Why SWA is not changing learning rate?

Hi, I am using Stochastic Weight Averaging from torch contrib for the first time.
i noticed that my wavenet model’s learning rate is not changing.

model code :

# from https://www.kaggle.com/hanjoonchoe/wavenet-lstm-pytorch-ignite-ver        

class Wave_Block(nn.Module):

    

    def __init__(self,in_channels,out_channels,dilation_rates):

        super(Wave_Block,self).__init__()

        self.num_rates = dilation_rates

        self.convs = nn.ModuleList()

        self.filter_convs = nn.ModuleList()

        self.gate_convs = nn.ModuleList()

        

        self.convs.append(nn.Conv1d(in_channels,out_channels,kernel_size=1))

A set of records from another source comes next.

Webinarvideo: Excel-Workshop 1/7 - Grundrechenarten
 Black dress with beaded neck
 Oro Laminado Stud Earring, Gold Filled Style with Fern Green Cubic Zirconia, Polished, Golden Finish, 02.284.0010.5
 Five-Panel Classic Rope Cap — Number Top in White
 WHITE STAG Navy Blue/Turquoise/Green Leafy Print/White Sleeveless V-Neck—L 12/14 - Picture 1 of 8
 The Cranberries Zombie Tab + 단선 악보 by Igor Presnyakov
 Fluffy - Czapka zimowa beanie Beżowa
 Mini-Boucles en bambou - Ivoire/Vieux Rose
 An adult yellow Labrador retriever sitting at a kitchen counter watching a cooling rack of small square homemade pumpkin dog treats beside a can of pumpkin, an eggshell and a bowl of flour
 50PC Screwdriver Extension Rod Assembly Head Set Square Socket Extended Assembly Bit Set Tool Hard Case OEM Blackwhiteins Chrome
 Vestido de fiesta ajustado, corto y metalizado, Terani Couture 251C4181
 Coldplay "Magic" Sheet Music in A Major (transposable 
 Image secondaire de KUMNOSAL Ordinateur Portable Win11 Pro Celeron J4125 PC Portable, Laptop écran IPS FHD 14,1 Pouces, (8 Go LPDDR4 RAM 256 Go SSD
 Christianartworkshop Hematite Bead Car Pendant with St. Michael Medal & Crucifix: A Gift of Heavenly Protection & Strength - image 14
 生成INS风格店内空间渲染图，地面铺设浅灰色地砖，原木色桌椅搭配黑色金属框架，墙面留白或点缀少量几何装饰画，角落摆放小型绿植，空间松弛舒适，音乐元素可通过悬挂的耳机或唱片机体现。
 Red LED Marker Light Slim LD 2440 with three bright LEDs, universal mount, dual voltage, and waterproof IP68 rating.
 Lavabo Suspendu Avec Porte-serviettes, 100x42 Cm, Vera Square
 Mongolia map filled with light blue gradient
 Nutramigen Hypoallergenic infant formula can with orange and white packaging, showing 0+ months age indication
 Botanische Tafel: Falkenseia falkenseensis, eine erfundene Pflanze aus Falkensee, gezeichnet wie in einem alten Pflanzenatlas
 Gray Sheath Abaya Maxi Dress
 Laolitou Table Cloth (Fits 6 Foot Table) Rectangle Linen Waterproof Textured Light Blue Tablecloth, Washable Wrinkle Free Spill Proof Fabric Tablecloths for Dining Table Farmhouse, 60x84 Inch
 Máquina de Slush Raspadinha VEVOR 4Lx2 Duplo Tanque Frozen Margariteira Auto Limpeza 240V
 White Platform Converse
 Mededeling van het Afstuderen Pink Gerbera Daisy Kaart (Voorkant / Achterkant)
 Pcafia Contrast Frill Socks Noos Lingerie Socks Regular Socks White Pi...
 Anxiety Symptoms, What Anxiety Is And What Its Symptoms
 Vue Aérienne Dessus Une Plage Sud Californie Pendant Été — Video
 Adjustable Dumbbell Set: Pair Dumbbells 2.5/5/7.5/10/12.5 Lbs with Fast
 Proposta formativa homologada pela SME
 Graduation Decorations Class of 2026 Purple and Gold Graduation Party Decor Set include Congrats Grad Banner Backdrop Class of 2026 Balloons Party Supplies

        dilation_rates = [2**i for i in range(dilation_rates)]

        for dilation_rate in dilation_rates:

            self.filter_convs.append(nn.Conv1d(out_channels,out_channels,kernel_size=3,padding=dilation_rate,dilation=dilation_rate))

            self.gate_convs.append(nn.Conv1d(out_channels,out_channels,kernel_size=3,padding=dilation_rate,dilation=dilation_rate))

            self.convs.append(nn.Conv1d(out_channels,out_channels,kernel_size=1))

            

    def forward(self,x):

        x = self.convs[0](x)

        res = x

        for i in range(self.num_rates):

            x = F.tanh(self.filter_convs[i](x))*F.sigmoid(self.gate_convs[i](x))

            x = self.convs[i+1](x)

            res = res + x

        return res

        
    

class Classifier(nn.Module):

    def __init__(self):

        super().__init__()

        input_size = 128

        self.LSTM = nn.GRU(input_size=input_size,hidden_size=64,num_layers=2,batch_first=True,bidirectional=True)

        #self.attention = Attention(input_size,4000)

        #self.rnn = nn.RNN(input_size, 64, 2, batch_first=True, nonlinearity='relu')

        self.wave_block1 = Wave_Block(19,16,12)

        self.wave_block2 = Wave_Block(16,32,8)

        self.wave_block3 = Wave_Block(32,64,4)

        self.wave_block4 = Wave_Block(64, 128, 1)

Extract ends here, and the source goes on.